I wrote this article at the close of 2010, a time when many of us were taking stock of our blessings and making New Year’s resolutions. For me, it’s also a time when I look at the self-storage industry and think about what looms ahead legally for the upcoming year. Using David Letterman’s famous “top 10” format, I offer up the top five legal threats faced by every self-storage operator in 2011. I start with number five and work my way to the leading menace. Don’t jump ahead and peek!

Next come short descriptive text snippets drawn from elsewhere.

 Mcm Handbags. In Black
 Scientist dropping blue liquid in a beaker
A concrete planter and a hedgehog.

Legal Threat No. 5: Selling the Unit of a Tenant in Active Military Service
Many operators still don’t know or understand the requirements of the Servicemembers Civil Relief Act (SCRA), formerly called the Soldiers’ and Sailors’ Civil Relief Act. Many still don’t have a question in their lease agreement that asks about military-service status. At a minimum, this lets you know whether to check if a tenant is still in the military, or worse, stationed overseas, before you enforce your lien rights.
SCRA is a federal law that requires you to know about the military service of your tenants. The statute protects you if someone lies and tells you he isn’t in the service when he actually is. However, it doesn’t allow you to bury your head in the sand, forego asking about military service, and then claim no knowledge.
There are two large problems with SCRA violation. First, you’ve broken a federal law, which comes with civil and possibly criminal penalties. Second, you have on your hands a public-relations nightmare once you’re identified by the media and the public as an operator who sold the goods of a soldier overseas. This might be worse for your business than the potential of going to prison.
If you don’t understand SCRA requirements, particularly if you’re not even asking about military service on your rental agreement, make the change today. This threat is too big and risky to ignore.
While those with facilities nearby military bases will probably laugh at this one, I’ve had several owners tell me they simply have their military-personnel tenants waive their SCRA rights. I’ve looked for a provision that allows you to get a waiver of rights under SCRA and have yet to find one. I’ve asked people in the military whether these rights can be waived, and they laugh at me. Until someone shows you where in the law a service member can waive his rights under SCRA, I don’t think you can. Regardless, don’t take the chance.
Legal Threat No. 4: Bankruptcy
In No. 5 I made no prediction about the number of brave men and women who will be serving overseas in 2011 and beyond. I will now make another bold prediction, but an easy one, about bankruptcies: The number of your tenants filing bankruptcy will skyrocket between now and 2012.
How can I say such a thing? If you remember, bankruptcy reform went into effect in October 2005. There was about a year’s advanced notice that reform was coming, and the rumor was that Chapter 7 bankruptcies were probably going to go away or be impossible to file. Therefore, everyone who even thought about filing bankruptcy did so before the Bankruptcy Reform Act of 2005 went into effect. You can only file one Chapter 7 bankruptcy every seven years, and we’re coming to the end of the seven-year cycle in which everyone rushed to file.
It turns out Chapter 7 didn’t go away, and even after the Reform Act, the number of Chapter 7s filed has continued to grow. There’s a gigantic crop of people coming up on their seven-year filing anniversary that you’ll find are poised and ready to file again. These are your tenants.
If you don’t understand your obligations under the bankruptcy law, now’s the time to get educated about what you can and cannot do if your tenant files. It’s my experience that operators who hadn’t seen a bankrupt tenant until the last three or four years are now seeing several. Facilities that once had several bankruptcies are now seeing many. That number is going to skyrocket over the next few years. Everyone is going to have a bankrupt tenant.
The problem with bankruptcy is it’s sort of written like Alice’s Adventures in Wonderland. Anything that would seem right or make sense to you is the opposite under bankruptcy law. It’s easy―almost too easy―to accidentally violate bankruptcy laws because you proceeded in a logical manner rather than what’s required under the code.